[Caption-style text data]
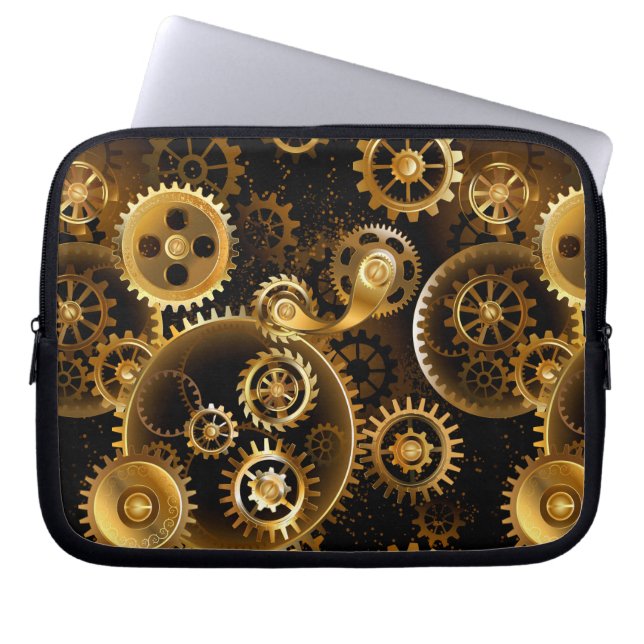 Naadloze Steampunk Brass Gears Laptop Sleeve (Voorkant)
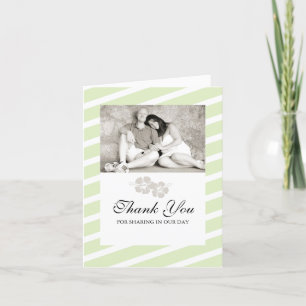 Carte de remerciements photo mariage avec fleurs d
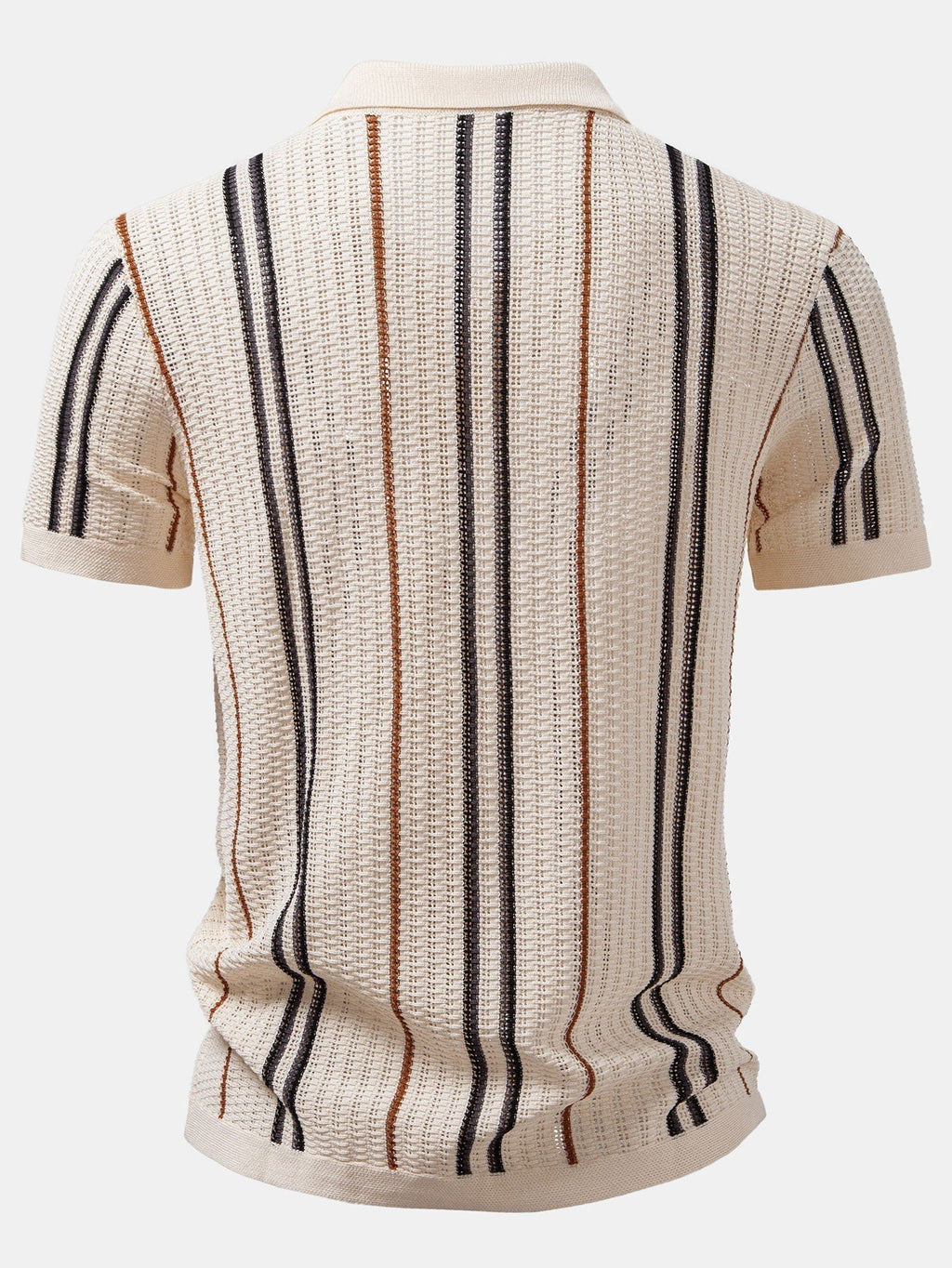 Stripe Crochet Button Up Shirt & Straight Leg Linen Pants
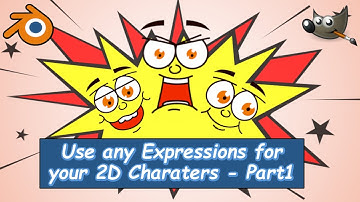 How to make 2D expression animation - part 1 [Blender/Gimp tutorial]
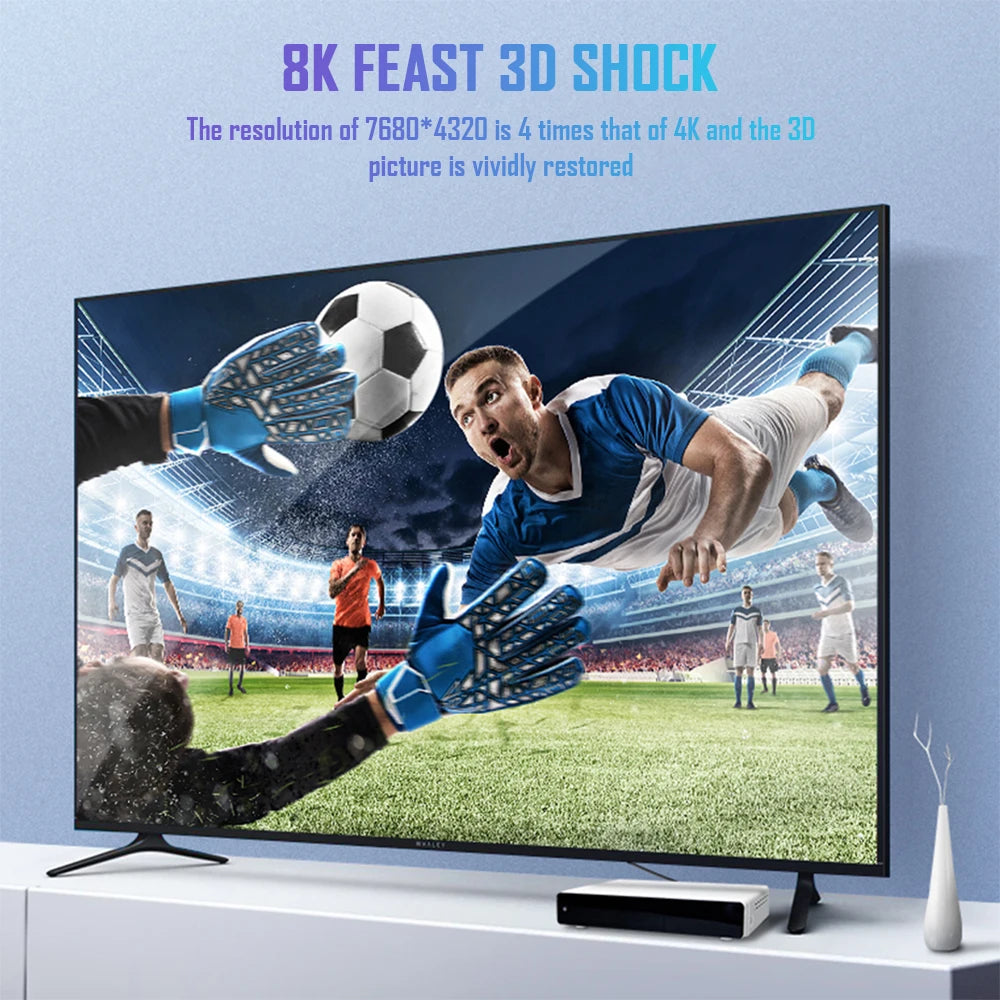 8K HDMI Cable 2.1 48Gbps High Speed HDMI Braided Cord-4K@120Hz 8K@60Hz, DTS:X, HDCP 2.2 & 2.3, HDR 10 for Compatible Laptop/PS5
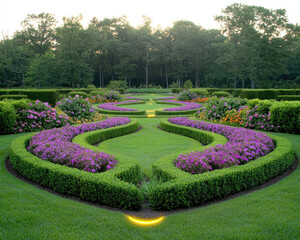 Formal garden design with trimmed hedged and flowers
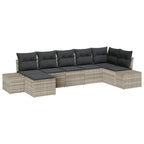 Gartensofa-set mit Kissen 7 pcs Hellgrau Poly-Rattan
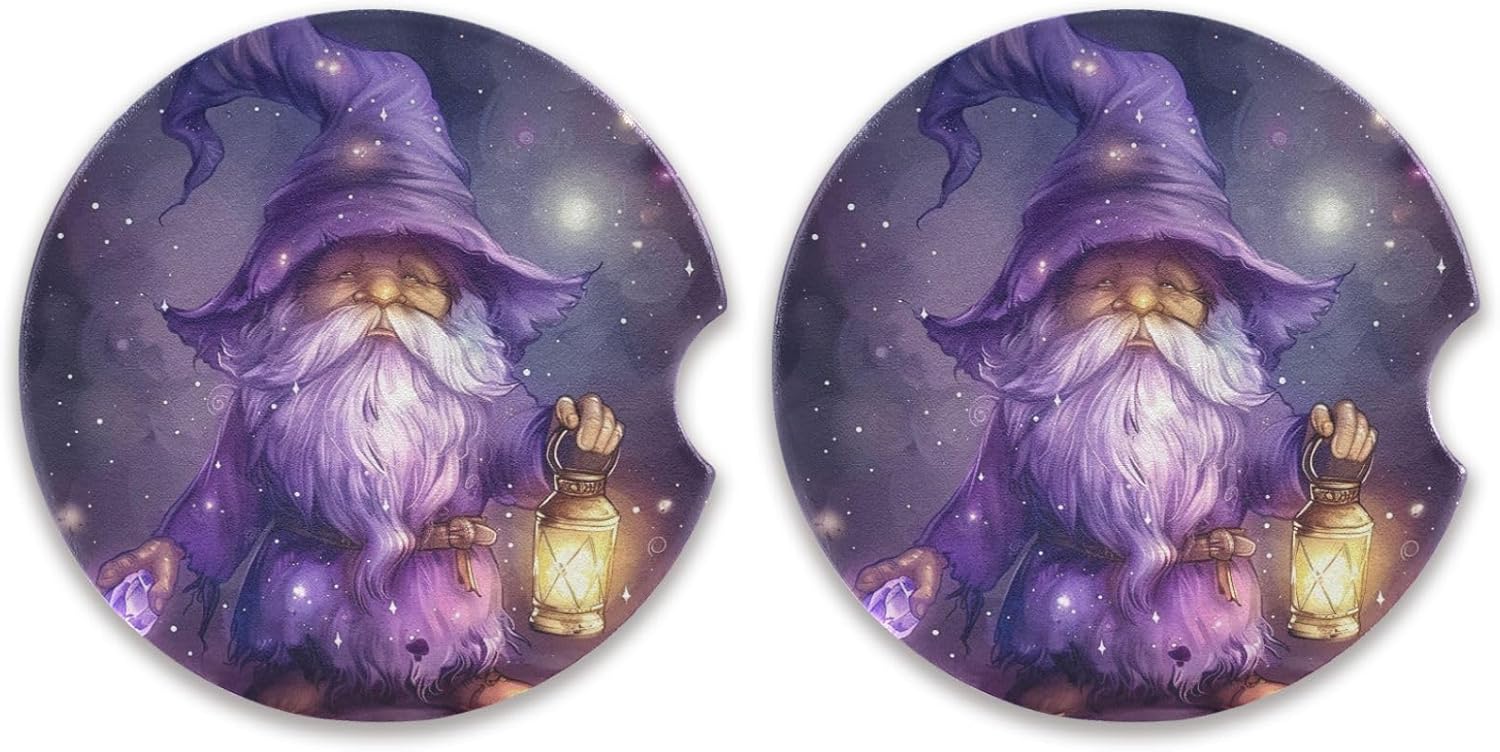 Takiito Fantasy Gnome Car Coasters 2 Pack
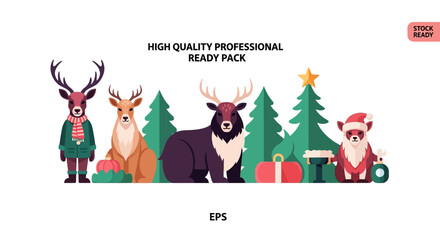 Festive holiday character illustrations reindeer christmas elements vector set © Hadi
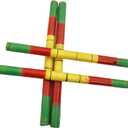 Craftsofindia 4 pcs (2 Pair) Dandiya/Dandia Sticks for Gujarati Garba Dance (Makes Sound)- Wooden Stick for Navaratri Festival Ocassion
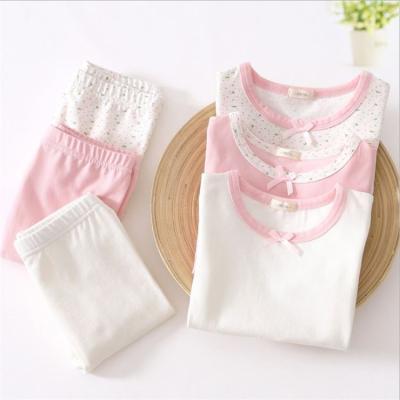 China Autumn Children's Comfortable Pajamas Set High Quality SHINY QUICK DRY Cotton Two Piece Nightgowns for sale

§ **What you need to do**
Reproduce the data above word for word, but leave the images out.

§ **Your response**
 Naadloze Steampunk Brass Gears Laptop Sleeve (Voorkant)
 Carte de remerciements photo mariage avec fleurs d
 Stripe Crochet Button Up Shirt & Straight Leg Linen Pants
 How to make 2D expression animation - part 1 [Blender/Gimp tutorial]
 8K HDMI Cable 2.1 48Gbps High Speed HDMI Braided Cord-4K@120Hz 8K@60Hz, DTS:X, HDCP 2.2 & 2.3, HDR 10 for Compatible Laptop/PS5
 Formal garden design with trimmed hedged and flowers
 Gartensofa-set mit Kissen 7 pcs Hellgrau Poly-Rattan
 Takiito Fantasy Gnome Car Coasters 2 Pack
 Festive holiday character illustrations reindeer christmas elements vector set © Hadi
 Craftsofindia 4 pcs (2 Pair) Dandiya/Dandia Sticks for Gujarati Garba Dance (Makes Sound)- Wooden Stick for Navaratri Festival Ocassion
 China Autumn Children's Comfortable Pajamas Set High Quality SHINY QUICK DRY Cotton Two Piece Nightgowns for sale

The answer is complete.